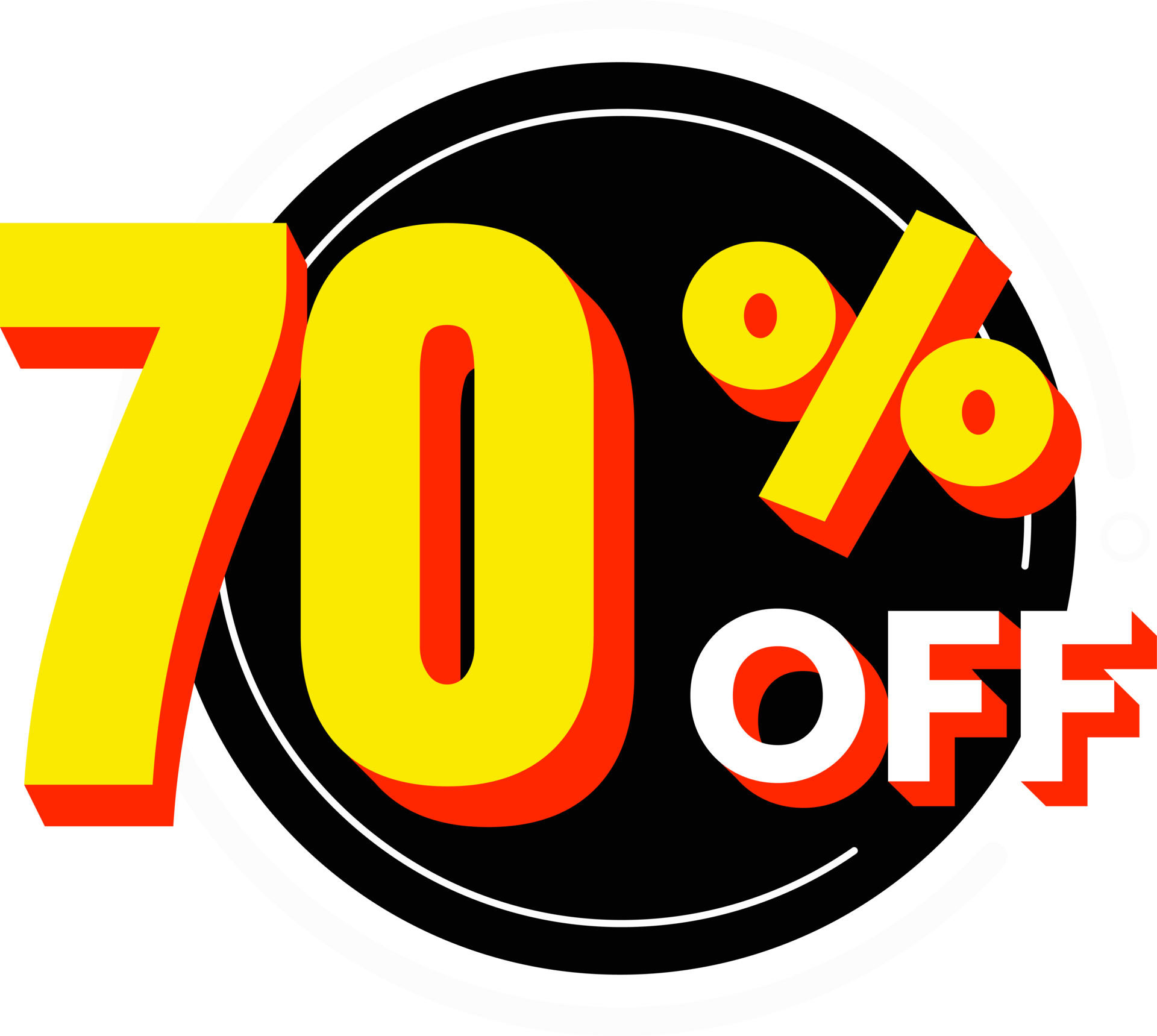 70 percent off discount number with circle element 12300366 PNG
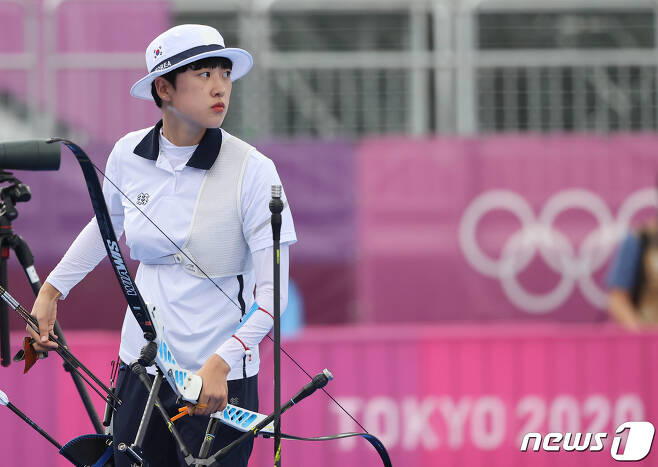 한국 양궁의 간판 스타 안산. /뉴스1 © News1 송원영 기자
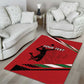Custom Kenya Volleyball Area Rug Go Champions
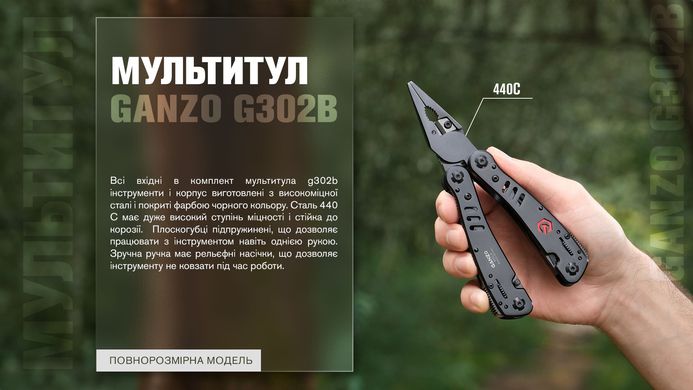 Мультитул Multi Tool Ganzo G302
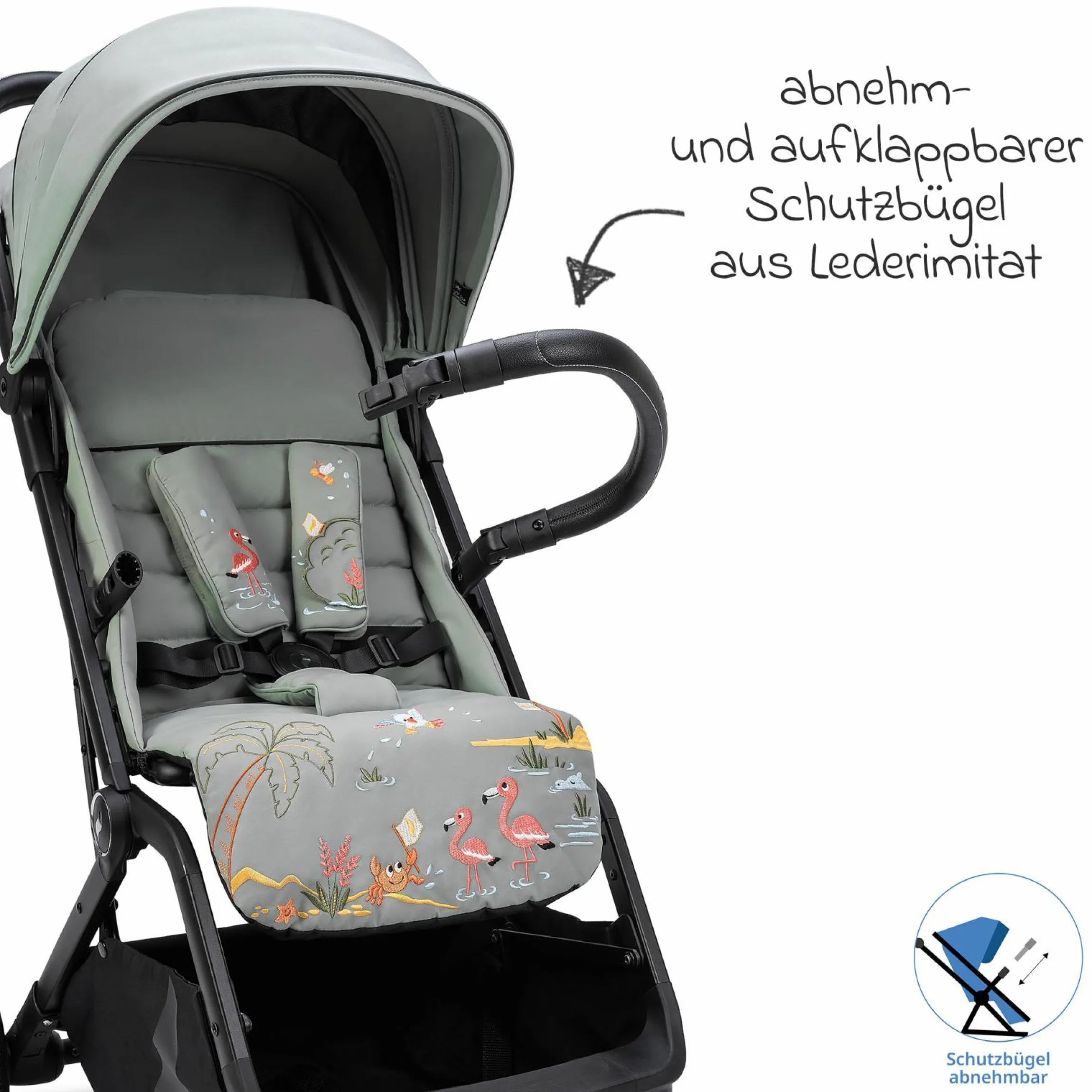 Reisebuggy & Sportwagen Boogy 2 bis 22 kg belastbar nur 7,5 kg mit Liegeposition & Regenschutz - Holiday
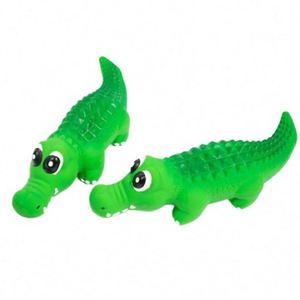 Jouet pour chien en latex naturel, crocodile couineur, grand jouet à mâcher amusant anti-stress pour chiens, fournitures promotionnelles durables pour animaux de compagnie - Product Image 4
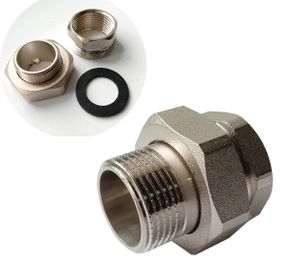 Згін-американка прямий нікель 1/2"  25/450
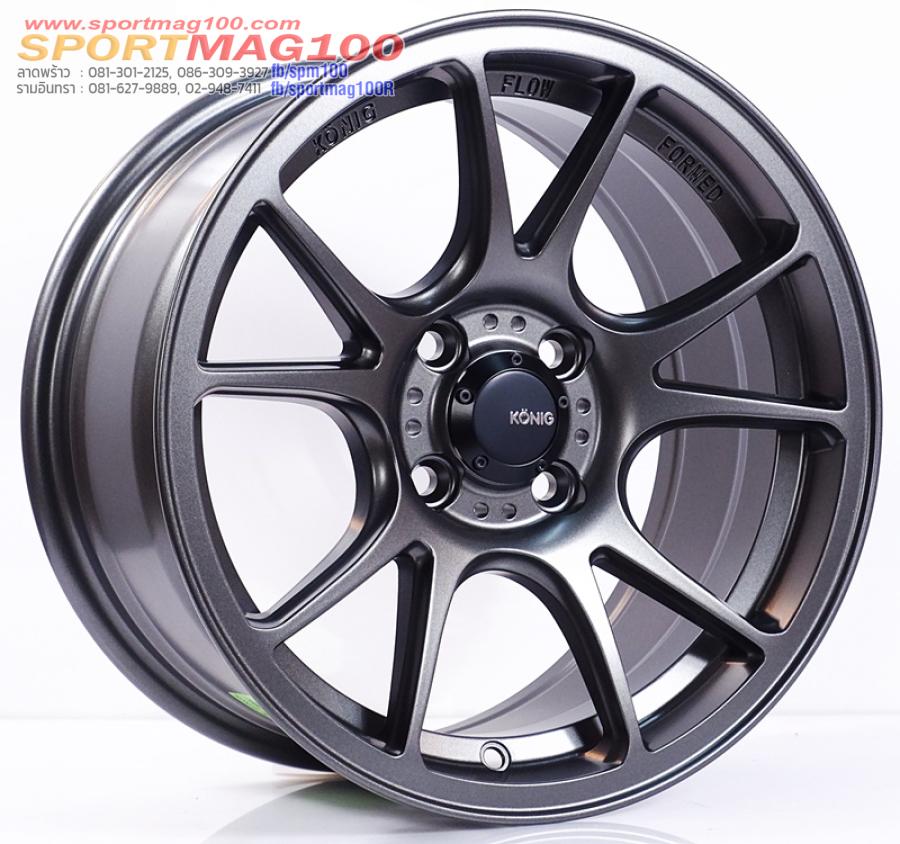 ล้อแม็กใหม่เบาสุดๆ USA Konig N903m เทา 4รู100 ET28 7-15นิ้ว ล้อแม็กใหม่เบาสุดๆ USA Konig N903m เทา 4รู100 ET28 7-15นิ้ว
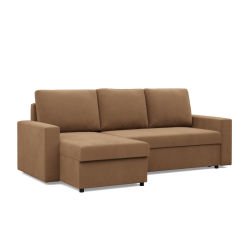 NEO Micro Corner Sofa, Filling - Foam, Color - CAPPUCCINO, Armrest Type - Straight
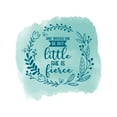 thumbnail image 1 of And Though She Be But She Is Fierce Positive Motivating Words Nursery Decor Wall Art Sticker Designs Vinyl Stickers For Home House Walls Rooms Windows Bedroom Decoration Size (26x26 inch), 1 of 3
···
Beginning with the line that contains "한국 양궁의 간판 스타 안산. /뉴스1 © News1 송원영 기자", write out the lines of the material above exactly, and end with the line that contains "Згін-американка прямий нікель". Omit the pictures.

◆ Expected answer ◆
 한국 양궁의 간판 스타 안산. /뉴스1 © News1 송원영 기자
Custom Kenya Volleyball Area Rug Go Champions
 Мультитул Multi Tool Ganzo G302
 Reisebuggy & Sportwagen Boogy 2 bis 22 kg belastbar nur 7,5 kg mit Liegeposition & Regenschutz - Holiday
 Jouet pour chien en latex naturel, crocodile couineur, grand jouet à mâcher amusant anti-stress pour chiens, fournitures promotionnelles durables pour animaux de compagnie - Product Image 4
 Згін-американка прямий нікель 1/2"  25/450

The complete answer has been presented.